[PATCH] combined wordlist a.k.a. single list

Greg Louis glouis at dynamicro.on.ca
Mon Jun 2 20:22:29 CEST 2003


On 20030602 (Mon) at 1046:22 -0700, Malcolm Dew-Jones wrote:
> 
> 
> 
> On Mon, 2 Jun 2003, Greg Louis wrote:
> 
> > On 20030601 (Sun) at 2131:55 -0700, Malcolm Dew-Jones wrote:
> > > 
> > > 
> > > My question/observation is this. 
> > > 
> > > 
> > > The size of the files in the new versions are what is my biggest concern. 
> > 
> > Why?  You need less disk space with one wordlist than with two.  
> 
> Maybe, maybe not.
> 
> A simple example
> 
> 	list 1
> 		word-1 counta
> 		word-2 counta
> 
> 	list 2
> 		word-3 countb
> 		word-4 countb
> 
> 	combined list
> 		word-1 counta countb
> 		word-2 counta countb
> 		word-3 counta countb 
> 		word-4 counta countb
> 
> My trivial example looks like it would be larger when combined.  It
> depends on the overlap of words in the lists.  Because my real lists are
> not the same size I know that at least one list must have a bunch of words
> that aren't in both files. 

You haven't considered the indexing overhead involved in keeping two
separate databases, but I understand the point.

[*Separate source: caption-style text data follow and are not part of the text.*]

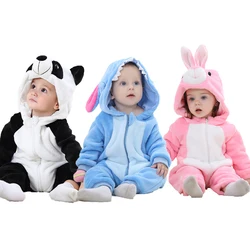 Baby Stitch Jumpsuit Newborn Boys Panda Onesies Girls Rabbit Pajamas Children Cosplay Costume Kids Animal Blanket Sleeper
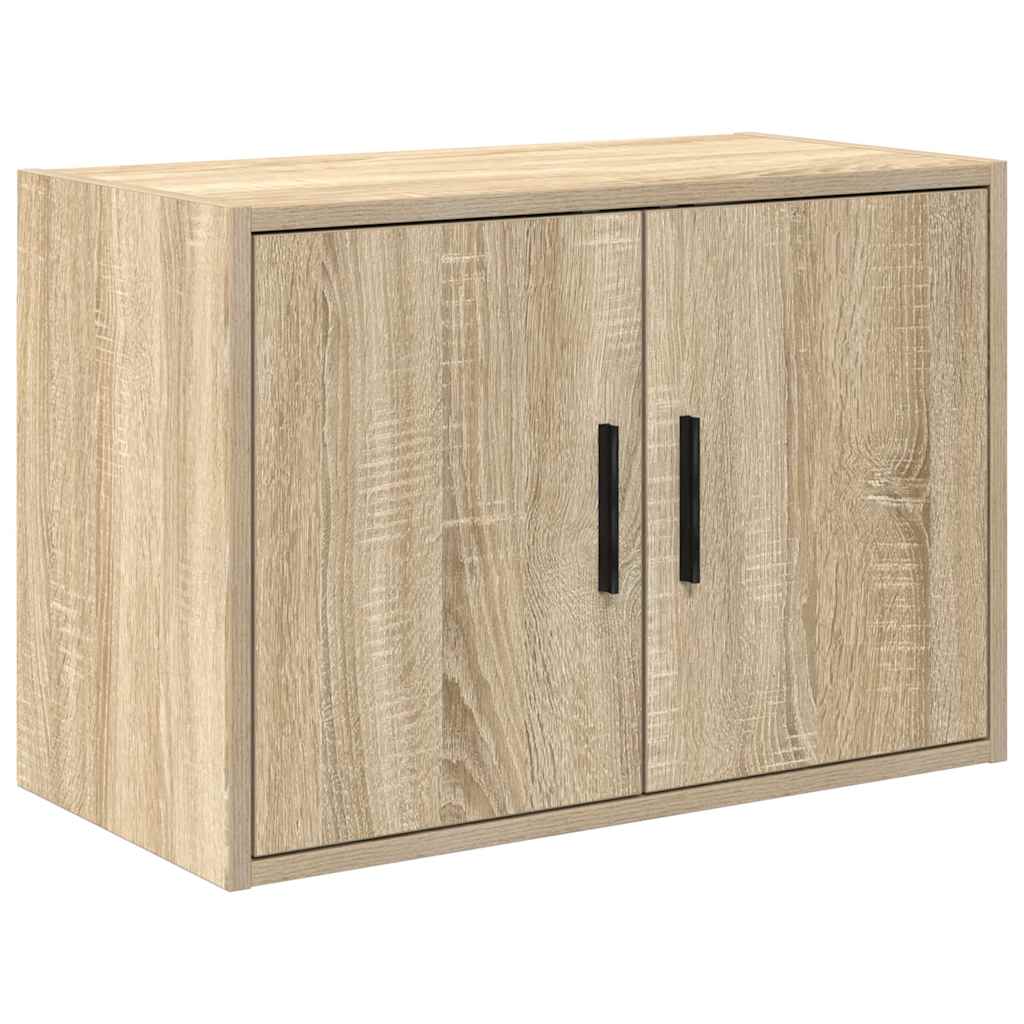 Garage Wall Cabinet Sonoma Oak Engineered Wood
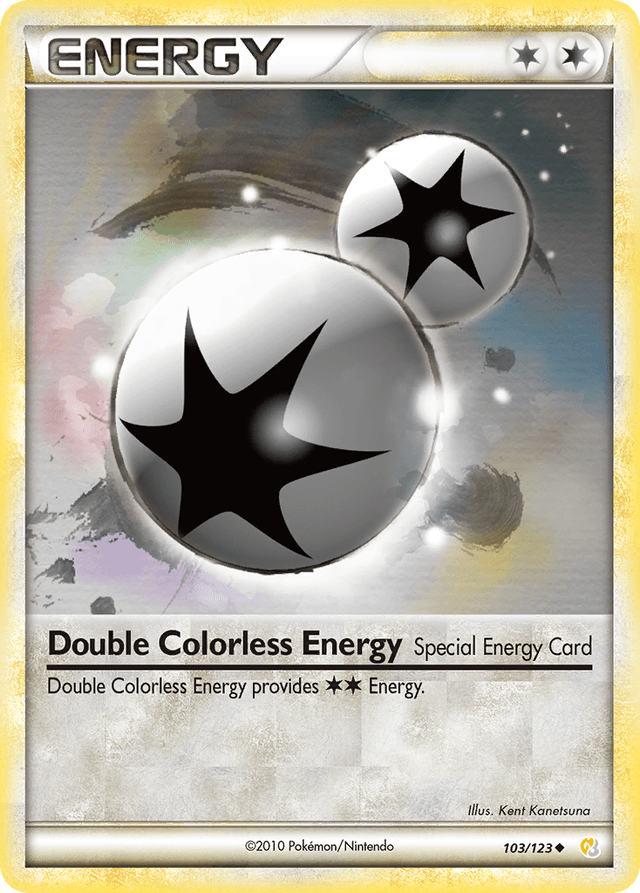 Double Colorless Energy — HeartGold & SoulSilver #103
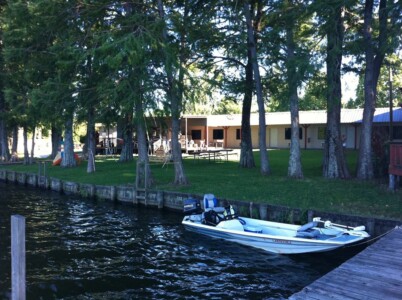 Back lake of lakeview Lodge in LA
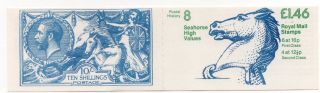 1983 Fo1ba £1.  46 Postal History Booklet Rare Cat £28.  Right Margin Good Perfs
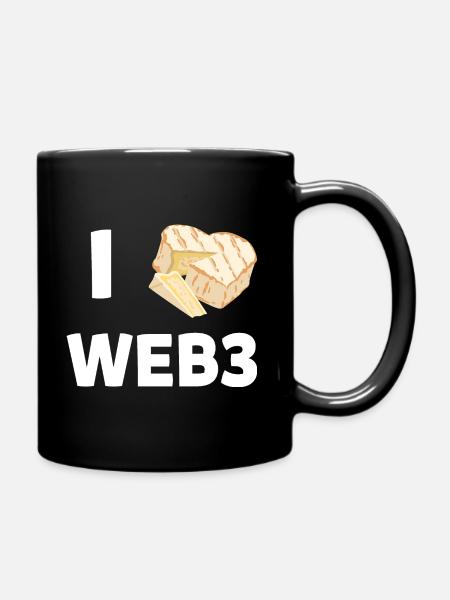 I Cheese Web3 - Mug uni - noir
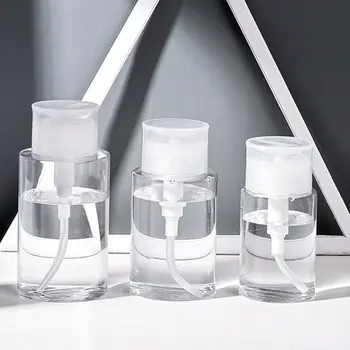 

1PC Refillable Bottles perfume empty cosmetic containers Pump Dispenser Bottle Nail Art Acetone Polish bottle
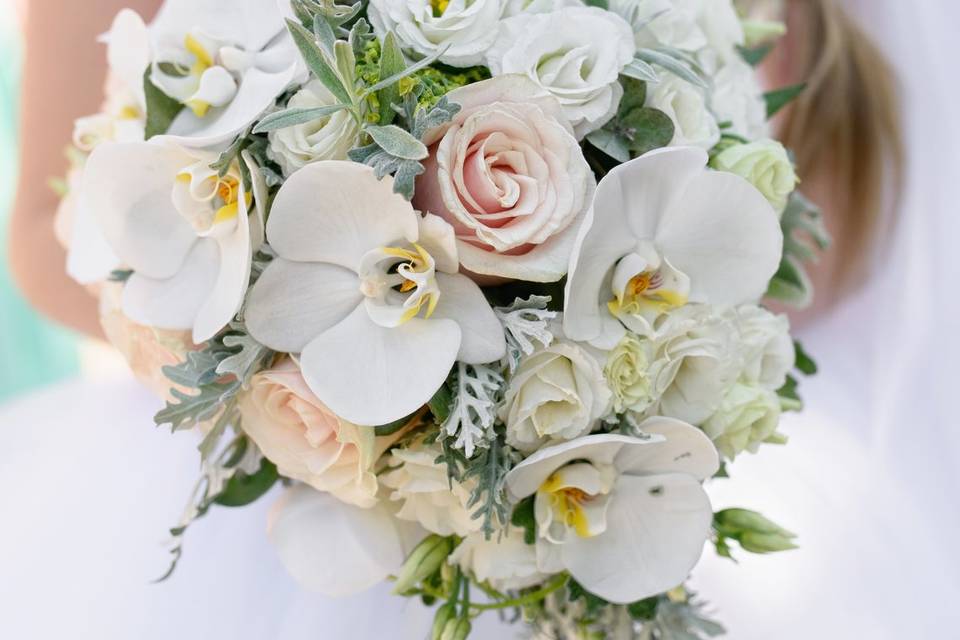 Bouquet de fleurs mariée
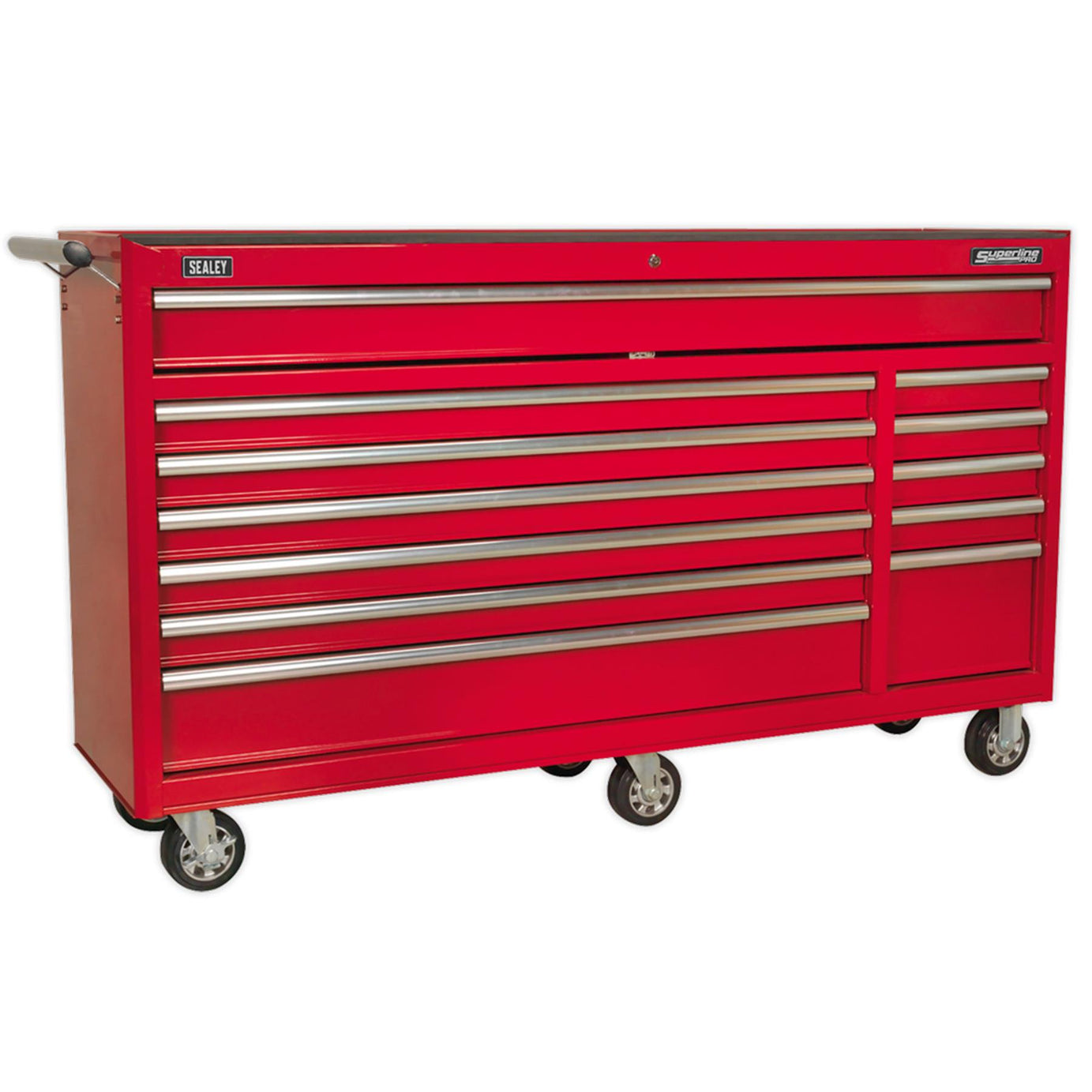 Sealey Rollcab 12 Drawer with Ball Bearing Slides Heavy-Duty - Red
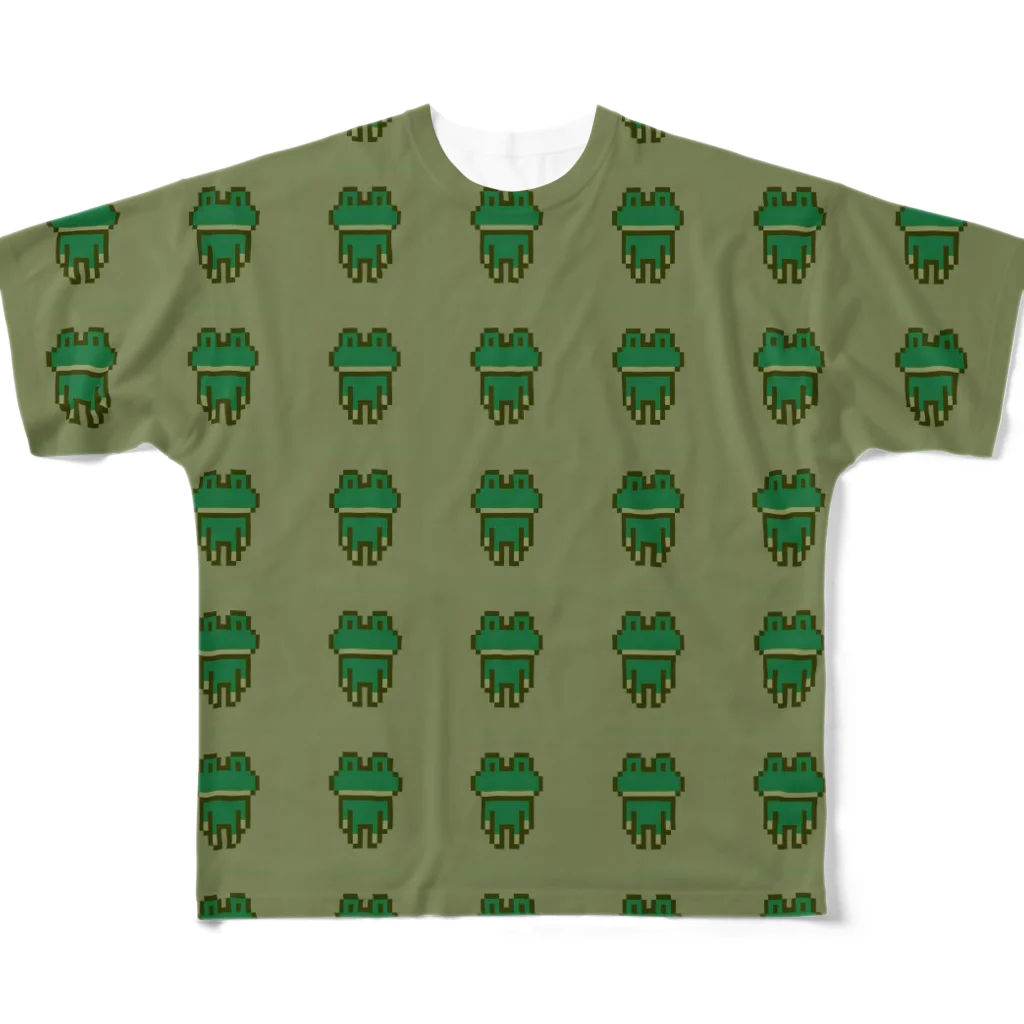 madeathの蛙さん フルグラフィックTシャツ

> However, other feedback including your own below suggests this is not a
> problem in practise, so fine.
> 
> 
> > either; disk space is cheap these days, and the overhead of decoding
> > might offset any lookup time saved by having slightly smaller records. 
> 
> I am not worried about speed, only space.  With bogofilter.11.2, our
> goodlist.db file is more than 600 Megs in size and has about 12 million
> entries.  The files just become less practical to manipulate as they get
> larger.

Hm.  Your goodlist packs 21 times the tokens I've got into 55 times the
space.  It might take a while, but I would like to suggest that you try

for l in spam good; do
    bogoutil -d ${l}list.db | bogoutil -l ${l}list.new
    db_verify ${l}list.new
done

and see whether the .new files are a whole lot smaller than the
originals.  They might well be just over half the size, and work as
well as the big ones.  That's been my experience: loading a Berkeley db
in b-tree mode with pre-sorted records saves almost half the space
needed to load it with records at random.